I got a litte problem understanding conceptually the structure of a random writing program (that takes input in form of a text file) and uses the Markov algorithm to create a somewhat sensible output.
So the data structure i am using is to use cases ranging from 0-10. Where at case 0: I count the number a letter/symbol or digit appears and base my new text on this to simulate the input. I have already implemented this by using an Map type that holds each unique letter in the input text and a array of how many there are in the text. So I can simply ask for the size of the array for the specific letter and create output text easy like this.
But now I Need to create case1/2/3 and so on… case 1 also holds what letter is most likely to appear after any letter aswell.
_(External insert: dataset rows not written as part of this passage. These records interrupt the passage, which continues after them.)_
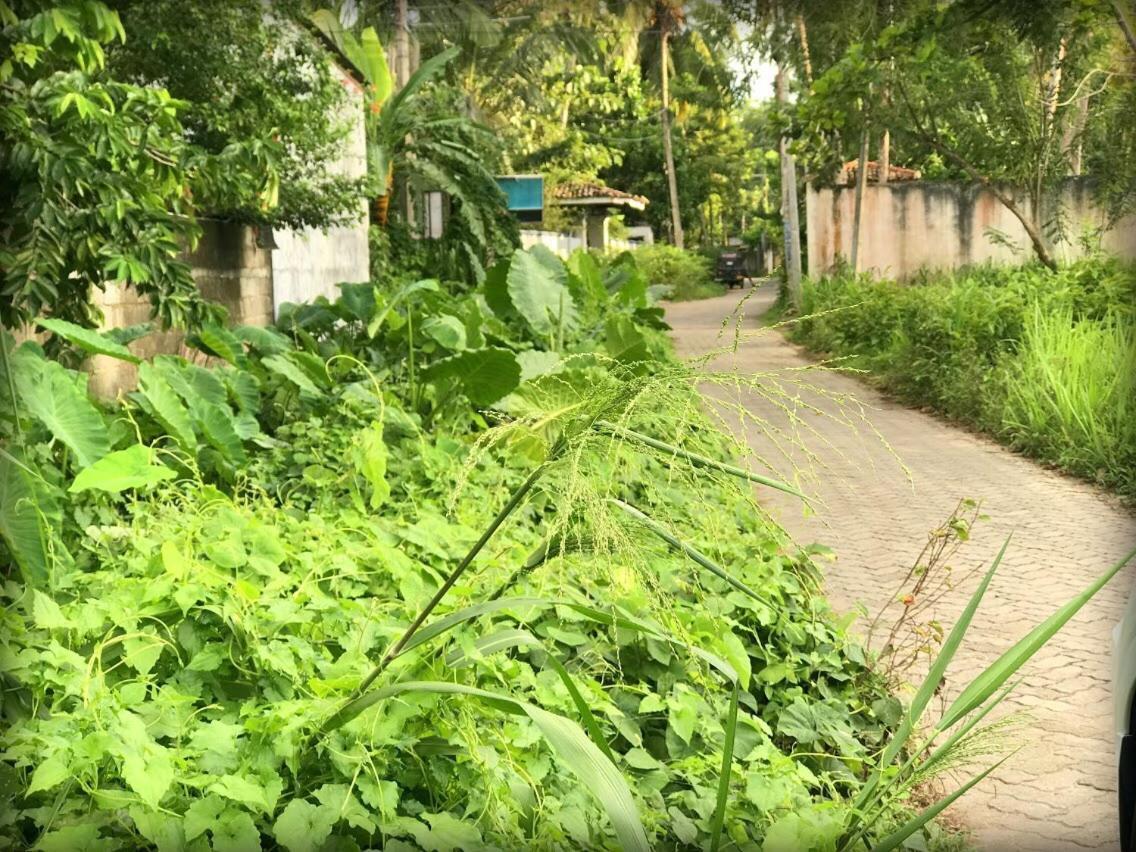 Monara Backpacker Inn Unawatuna Exteriér fotografie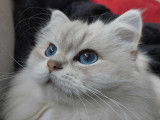 Chatterie des royales patounes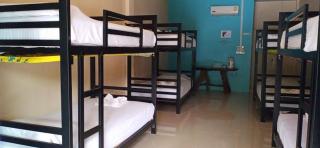 Painting Family Hostel - Khao Sok - 8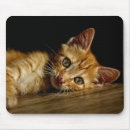 Suche nach niedliches kätzchen mousepads Haustier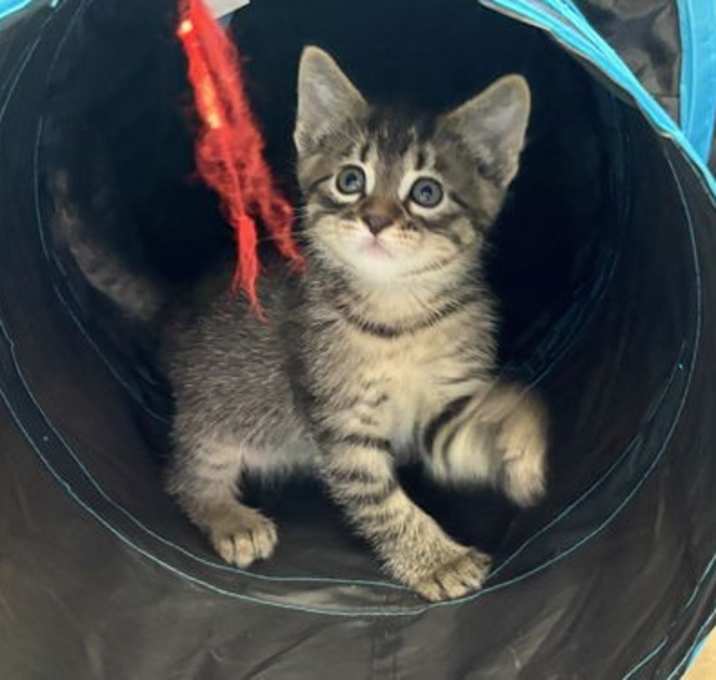 Photo of Hermes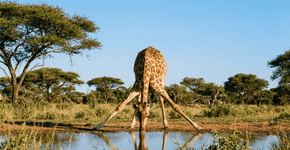 Como a girafa consegue beber água com aquele tamanho de pescoço sem engasgar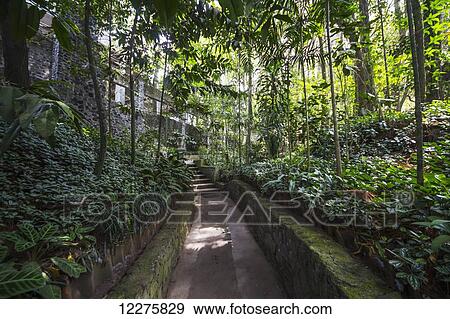 Gardens of the Ullen Sentalu Museum, Central Java, Indonesia View Large Photo Image Stock Photo - Gardens of the Ullen Sentalu Museum, Central Java, Indonesia. Fotosearch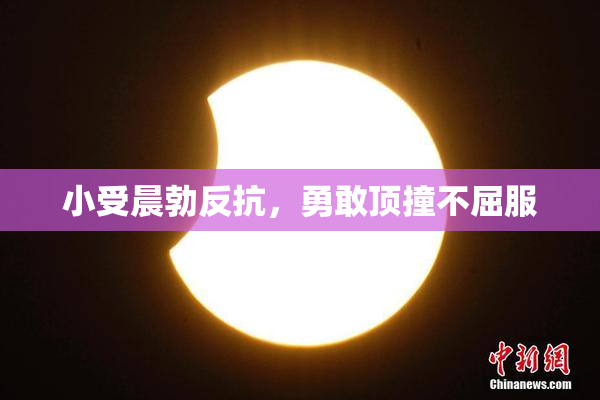 小受晨勃反抗，勇敢顶撞不屈服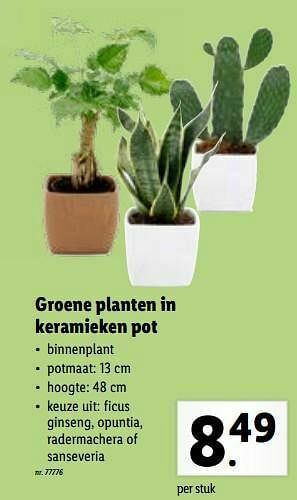 Lidl Groene planten in keramieken pot aanbieding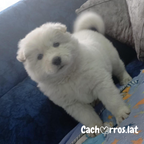 Samoyedo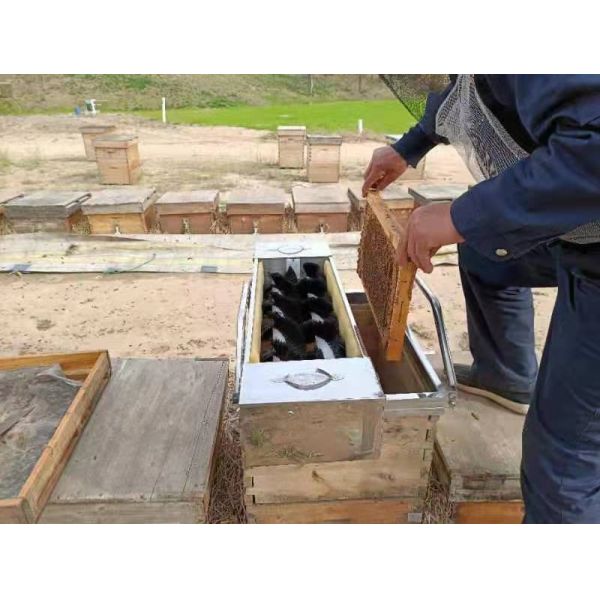 Horizontal Photoelectric Sensor Sweeper Bee brush beekeeping equipment Electric Bee Brush Auto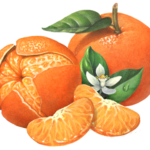 One whole and one peeled Mandarin orange or tangerine and one peeled Mandarin orange or tangerine with two segments and a flower with leaves.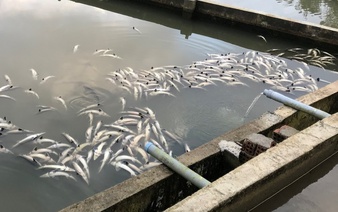 Flash flood kills 45 tonnes of sturgeon in Vietnam's Mang Den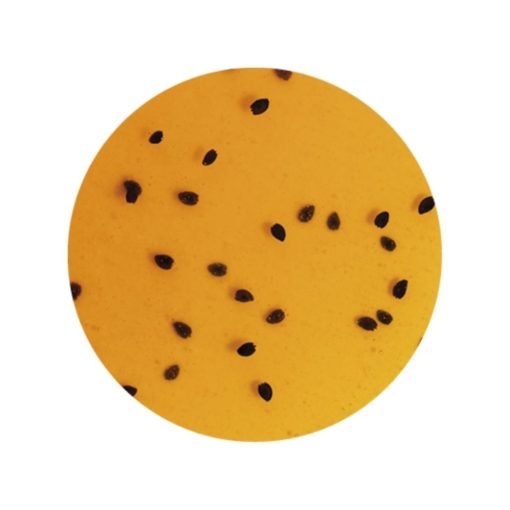 VARIEGATO PASSION FRUIT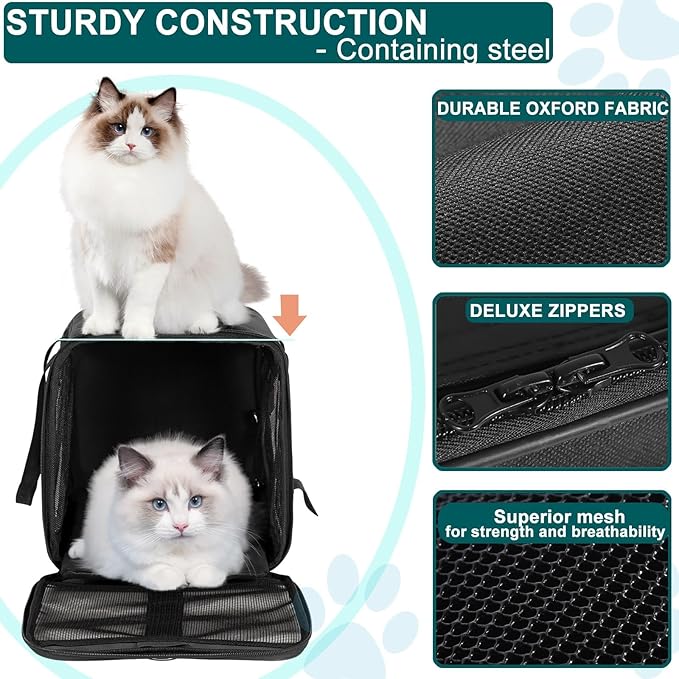 Cat Dog Pet Carrier for Medium to Large Cats (20+ lbs) and Small Dogs -Top Loading, Portable & Collapsible Cat Travel Bag Dual Kitten Sturdy Crate for Long Journeys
Do i need to create 10 seperate arrays for these cases, or are there an easier way?
There are a lot of ways to model this. One approach is as you describe, with an multi-dimensional array where each index is the following character in the chain and the final result is the count.
Then to randomly generate names you would count the number of total outcomes for a given character (ex: 2 outcomes for ‘p’ in the previous example) and pick a weighted random number for one of the possible outcomes.
For smaller sizes (say up to 4 characters) that should work fine. For anything larger you may start to run into memory issues since (assuming you’re using A-Z) 26^N entries for an N-length chain.
I wrote something like a couple of years ago. I think I used random pages from Wikipedia to for seed data to generate the weights.